[Your assignment]:
Reproduce the entire listing exactly. Leave the pictures out.

[Data section]:

******

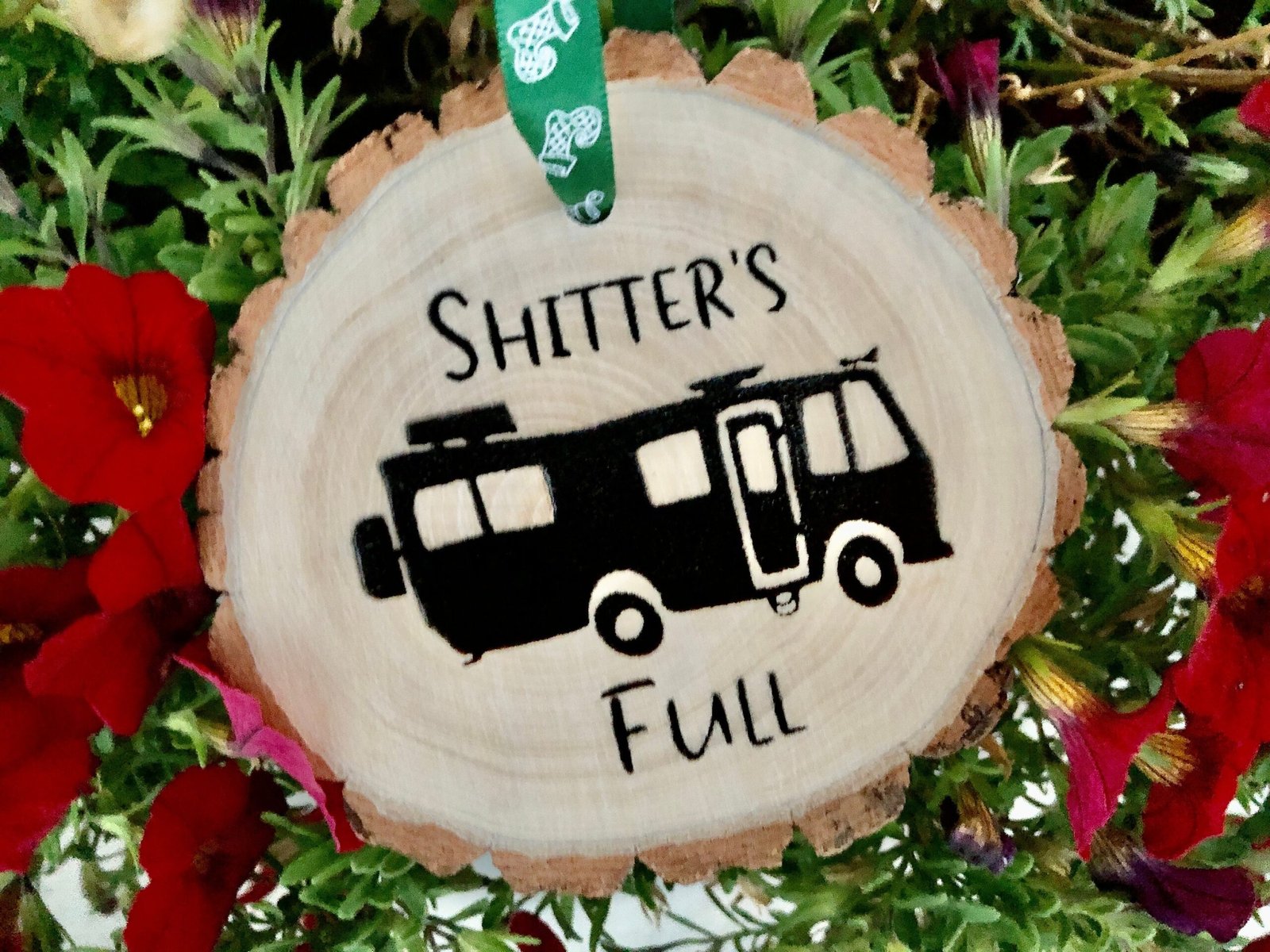 Wooden Christmas Ornament Shitter's Full, Christmas Ornament, Aspen, Rustic Ornament, Hand Finished, Cousin Eddie, National Lampoon Vacation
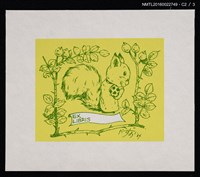 主要名稱：藏書票—小松鼠（通用藏書票）圖檔，第4張，共5張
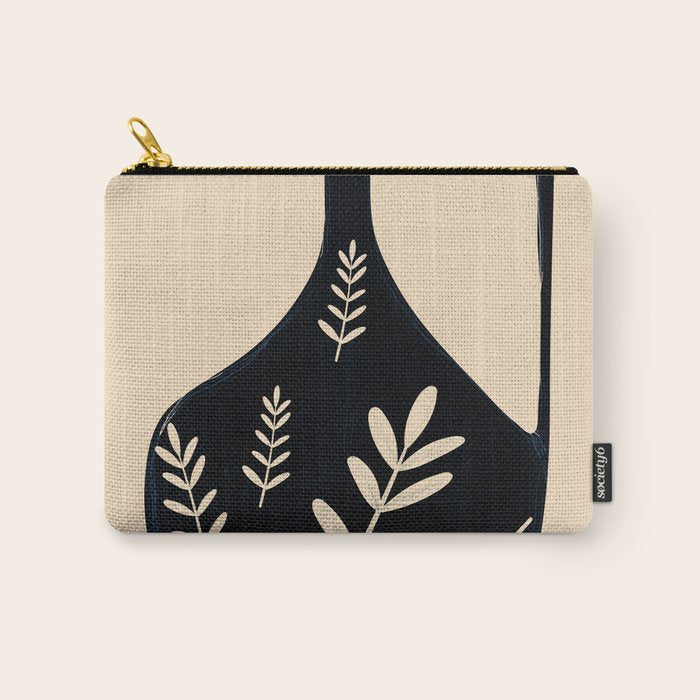 Minimal Abstract Art Vase 19 Carry All Pouch Gallery Image 1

******

[Exercise result]:
 Wooden Christmas Ornament Shitter's Full, Christmas Ornament, Aspen, Rustic Ornament, Hand Finished, Cousin Eddie, National Lampoon Vacation
 主要名稱：藏書票—小松鼠（通用藏書票）圖檔，第4張，共5張
 Minimal Abstract Art Vase 19 Carry All Pouch Gallery Image 1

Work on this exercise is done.